Champion and Seth (1968) recognize the following forest types in this ecoregion: Assam Valley semi-evergreen forest, Assam alluvial plains semi-evergreen forest, eastern submontane semi-evergreen forest, sub-Himalayan light alluvial semi-evergreen forest, eastern alluvial secondary semi-evergreen forest, sub-Himalayan secondary wet mixed forest, and Cachar semi-evergreen forest. But most of the ecoregion"s original semi-evergreen forests have been converted to grasslands by centuries of fire and other human influences. Only small patches of forests now remain, scattered along the Indo-Bhutan border and along the border of Assam and Meghalaya.

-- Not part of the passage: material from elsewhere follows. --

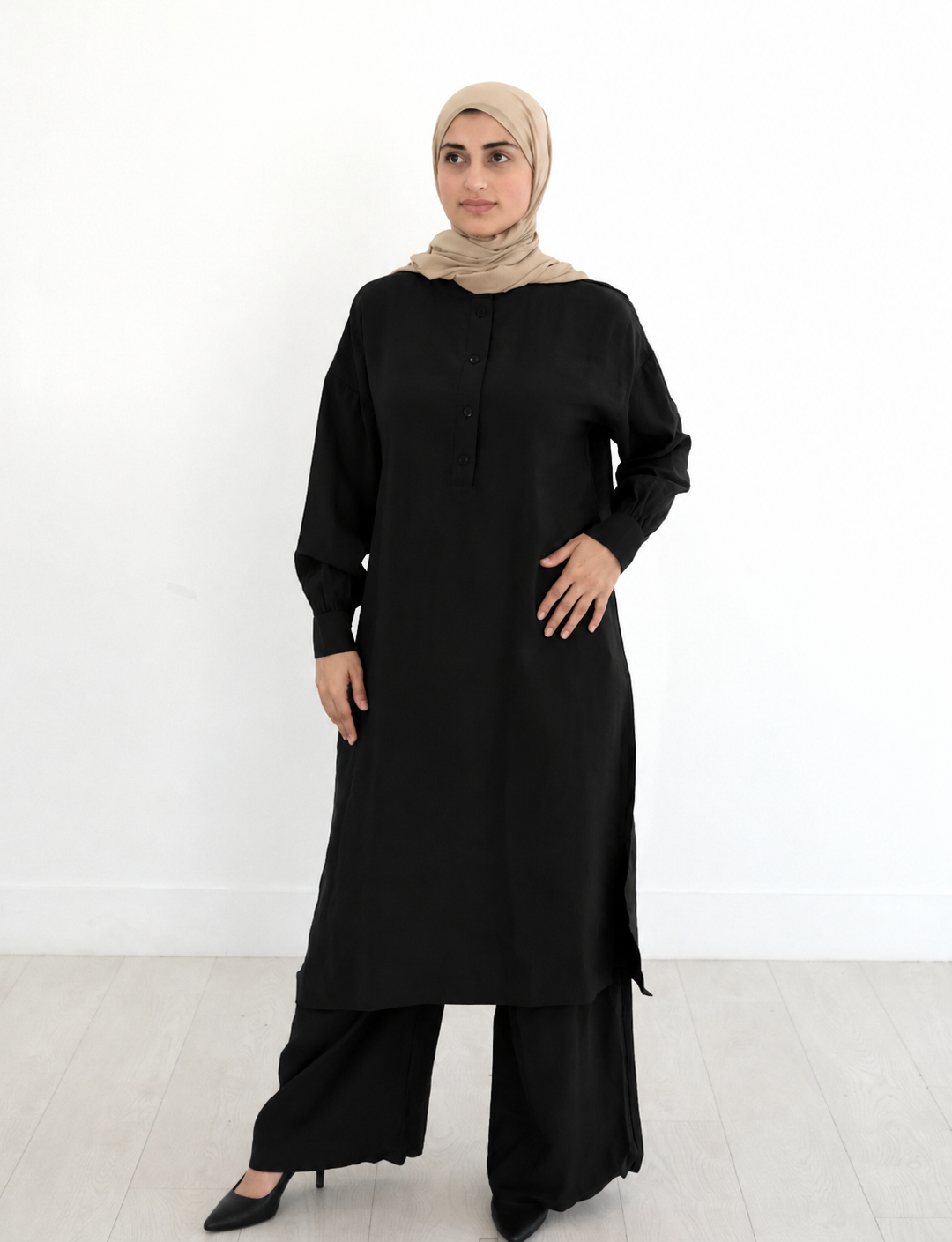 Tencel Cotton Pant Set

Many of these forest patches are confined to protected areas.
According to Champion and Seth (1968), the typical evergreen tree species in these forests are Syzygium, Cinnamomum, Artocarpus, and Magnoliacea, and the common deciduous species include Terminalia myriocarpa, Terminalia citrina, Terminalia tomentosa, Tetrameles spp., and Stereospermum spp. Shorea robusta is present in disturbed habitats, especially in areas that have been subjected to fire, and represents a sub-climax community. Other Dipterocarpus species are considered to be indicative of a forest in retrogression from the tropical evergreen or as a preclimax stage. Typically, the canopy trees are 20-30 m high.
The understory is of Lauraceae (mostly Phoebe spp., Machilus spp., and Actinodaphne spp.), Anonaceae (Polyalthia spp.), Meliaceae (Aphanamixis spp.), Mesua ferrea, Tetrameles spp., Stereospermum spp., and species of Meliaceae, Anacardiaceae, Myristicaceae, Lauraceae, and Magnoliaceae, with several bamboos such as Bambusa arundinaria, Dendrocalamus hamilitonii, and Melocanna bambusoides (Champion and Seth 1968; Puri et al. 1989).
The riparian areas along the Brahmaputra River that have been cleared are characterized by wet grasslands with similar communities and dynamics as described under the Terai-Duar Savanna and Grasslands [IM0701] description. Species such as the hispid hare and pygmy hog are found in these grasslands, especially in the soft soils and muddy areas along the river courses.